Anyone successfully using Code Interpreter via API for real analysis?

Hello everyone, I’ve been experimenting with OpenAI’s Assistant API using GPT-4o and the Code Interpreter tool for some simple HR data analysis (e.g., value counts for departments, min/max salaries, etc.). My data is stored in a vector database, and I pass it as a JSON file. But I keep running into issues:

  • Sometimes the model says it can’t read the data from the vector store.
  • Other times, it successfully loads the file (pd.read_json(file_path)) and starts running Pandas functions… but then suddenly resets, replaces my data with a hardcoded example list, and gives me a completely irrelevant answer.
  • In some cases , it runs the right code for the specific instruction but then outputs a different result from the expected one

Has anyone gotten this to work consistently? How do you:

  • Ensure it actually reads the right file and doesn’t hallucinate a dataset?
    • Get it to exactly return the results of its executed code ?

Would love to hear your experiences, workarounds, or best practices!

1 Like

You’ll need to do the “making it work consistently” with your system prompting and quality of application development. First, it sounds like you are conflating the features available.

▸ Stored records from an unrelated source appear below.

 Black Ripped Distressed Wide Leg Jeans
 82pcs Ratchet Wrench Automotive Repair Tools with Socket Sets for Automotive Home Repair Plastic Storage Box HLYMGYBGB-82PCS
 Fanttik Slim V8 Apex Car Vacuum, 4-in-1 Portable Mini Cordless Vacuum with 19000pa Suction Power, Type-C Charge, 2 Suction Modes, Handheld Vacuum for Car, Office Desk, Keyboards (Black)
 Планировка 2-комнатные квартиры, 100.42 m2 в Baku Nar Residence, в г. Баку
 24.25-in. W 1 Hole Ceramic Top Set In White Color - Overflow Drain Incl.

Code interpreter and file_search’s vector store are two different tool products.

You must decide in your API “tools” specification whether you will enable one or the other.

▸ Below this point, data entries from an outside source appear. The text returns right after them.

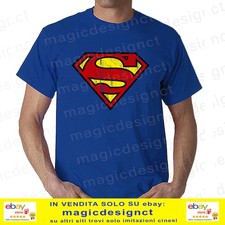SUPERMAN T SHIRT LOGO VINTAGE FUMETTO TSHIRT MAGLIA SUPEREROE fino TAGLIA 5XL
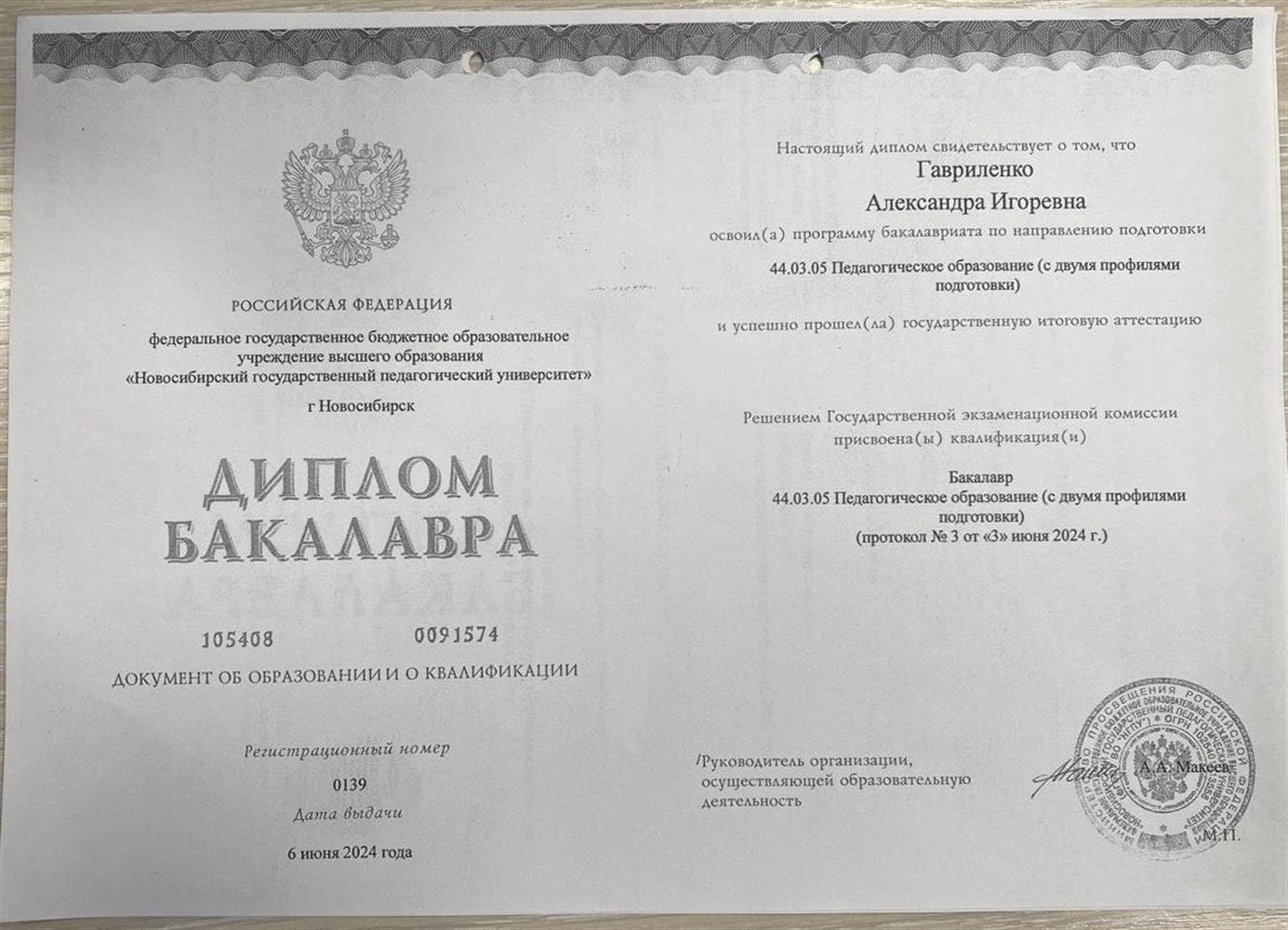 Диплом бакалавра 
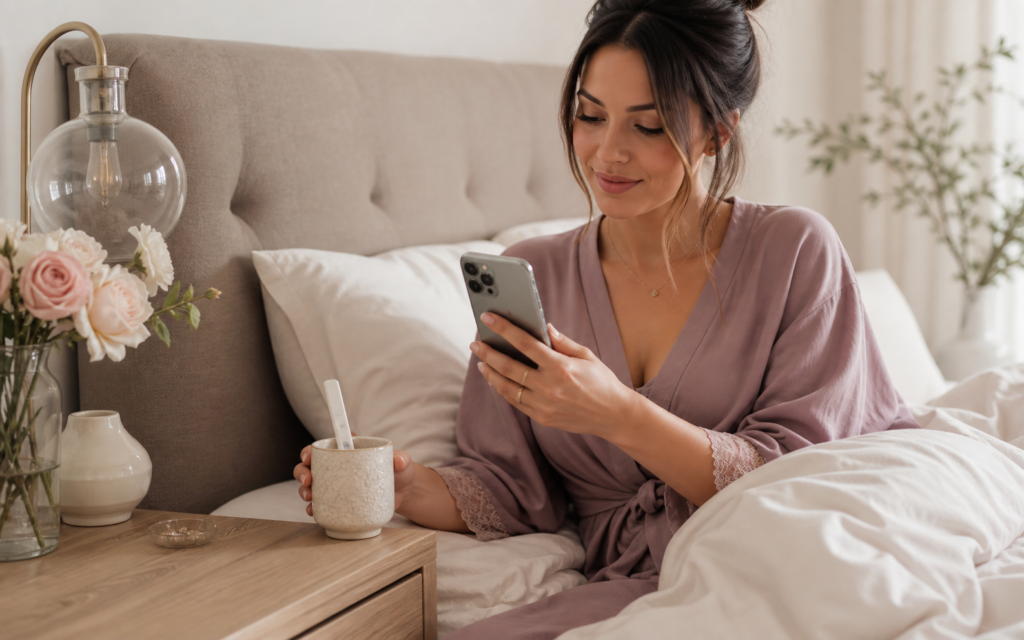 Woman using the Inito Fertility Monitor app on an iPhone 16 while sitting in bed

For code interpreter, you must attach files specifically with tool_resources, the code interpreter type, and the file IDs that you wish to place in the mount point.

Vector stores are separate. File search is simply a knowledge search feature that returns chunked documents powered by the vector store. It is not even called “vector store” in the file search tool description, nor is there a listing of what type of knowledge there is to be found (where on models older than gpt-4o-2024-08-06, it is internally called myfiles_browser in the instructions placed for AI consumption.)

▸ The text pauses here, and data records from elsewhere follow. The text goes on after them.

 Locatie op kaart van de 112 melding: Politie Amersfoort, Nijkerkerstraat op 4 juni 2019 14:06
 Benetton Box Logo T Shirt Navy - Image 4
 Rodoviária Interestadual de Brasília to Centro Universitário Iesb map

Thus, none of the work of developing an API application is done for you, relating to files. This includes there being no mechanism beforehand of telling the AI what files it will find in the mount point, or their purpose. It would have to write scripts to even list the contents of the directories. That is a feature for you to place and develop, which you can do with additional_instructions if the Python files are specific to the user or the run.

2 Likes

Thank you for the detailed clarification! I don’t think I was mixing up File Search and Code Interpreter, but I was relying on Code Interpreter to use files uploaded via File Search. I didn’t realize the difference between tool_resources and File Search for file access—this explains the inconsistency. I’ll make sure to attach files properly with tool_resources . Appreciate the insight!